[Scraped caption text data]

[Start of section]

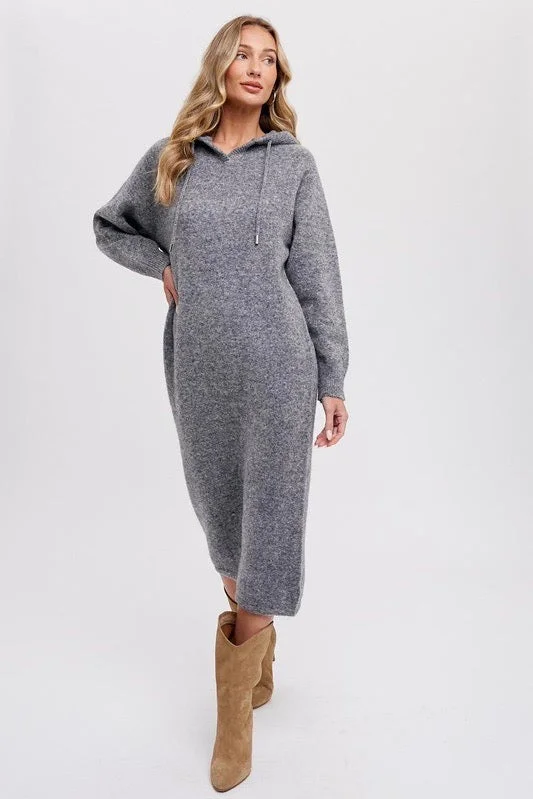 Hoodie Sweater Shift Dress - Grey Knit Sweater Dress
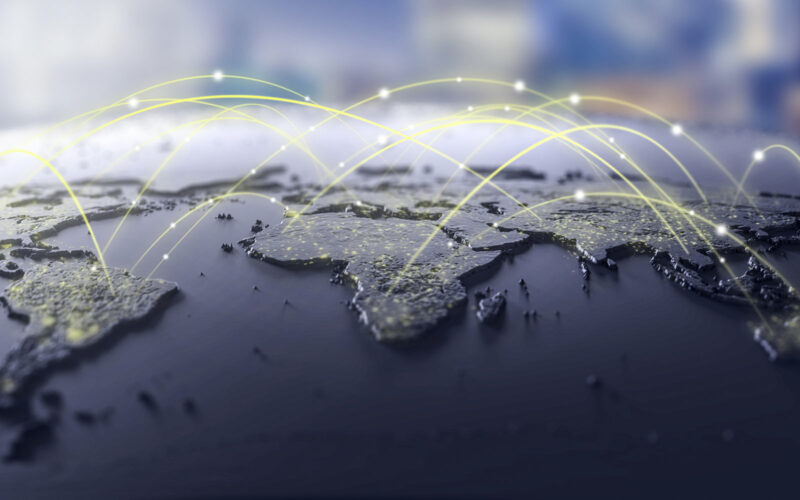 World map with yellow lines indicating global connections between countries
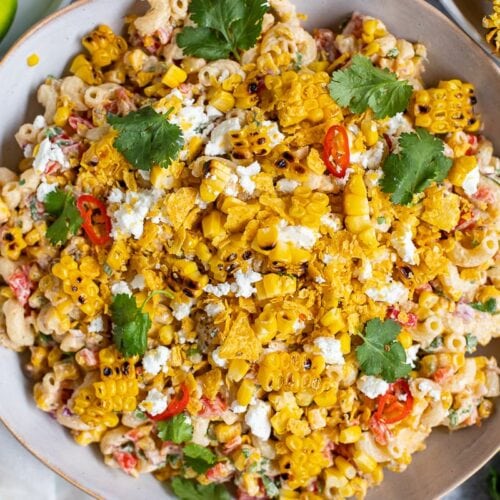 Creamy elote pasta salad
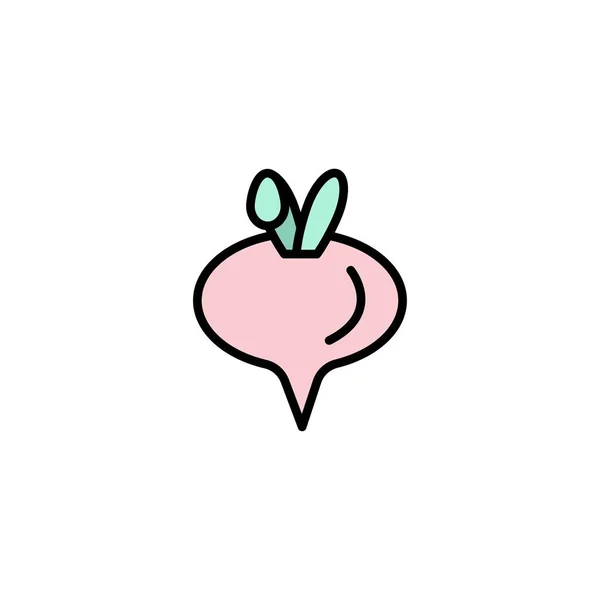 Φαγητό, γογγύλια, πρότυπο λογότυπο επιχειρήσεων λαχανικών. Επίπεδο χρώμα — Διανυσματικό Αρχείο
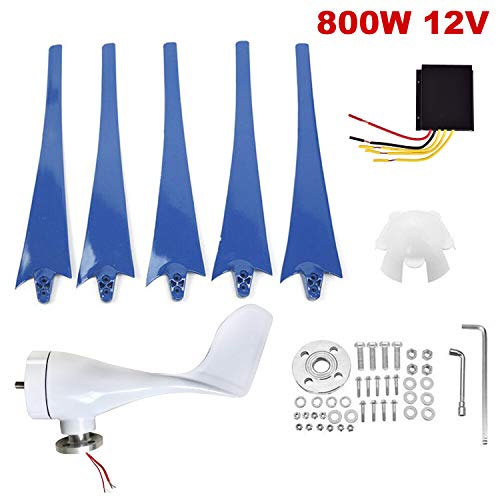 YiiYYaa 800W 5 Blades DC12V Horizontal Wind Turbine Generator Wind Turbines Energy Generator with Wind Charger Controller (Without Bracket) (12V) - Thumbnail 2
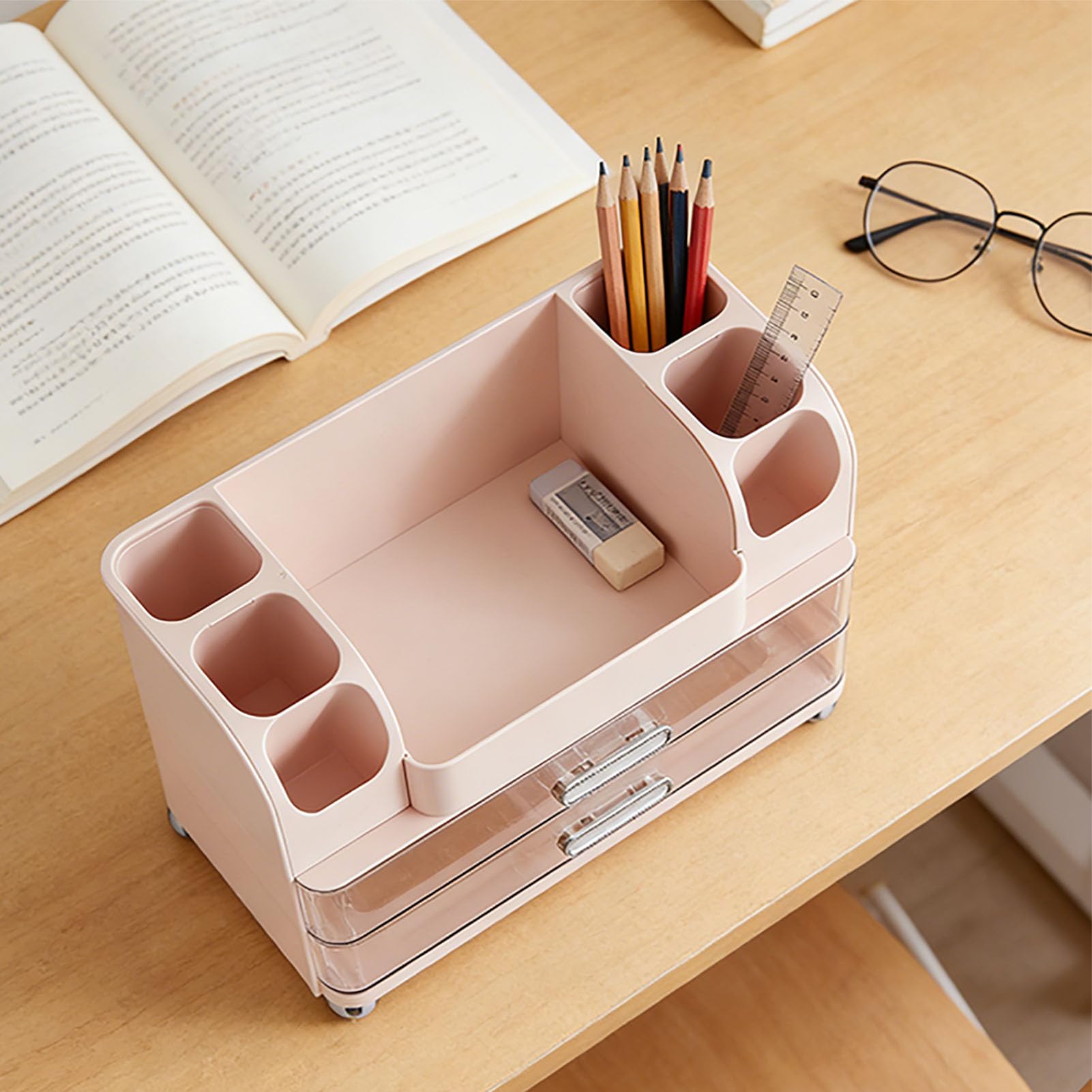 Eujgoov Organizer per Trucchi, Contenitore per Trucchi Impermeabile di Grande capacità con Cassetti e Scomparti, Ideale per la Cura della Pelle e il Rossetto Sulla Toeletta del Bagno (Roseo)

[End of section]

- _EXERCISE OBJECTIVE_:
The records above are to be copied exactly, without their pictures.

- _OUTPUT_:
 Hoodie Sweater Shift Dress - Grey Knit Sweater Dress
 World map with yellow lines indicating global connections between countries
 Creamy elote pasta salad
 Φαγητό, γογγύλια, πρότυπο λογότυπο επιχειρήσεων λαχανικών. Επίπεδο χρώμα — Διανυσματικό Αρχείο
 YiiYYaa 800W 5 Blades DC12V Horizontal Wind Turbine Generator Wind Turbines Energy Generator with Wind Charger Controller (Without Bracket) (12V) - Thumbnail 2
 Eujgoov Organizer per Trucchi, Contenitore per Trucchi Impermeabile di Grande capacità con Cassetti e Scomparti, Ideale per la Cura della Pelle e il Rossetto Sulla Toeletta del Bagno (Roseo)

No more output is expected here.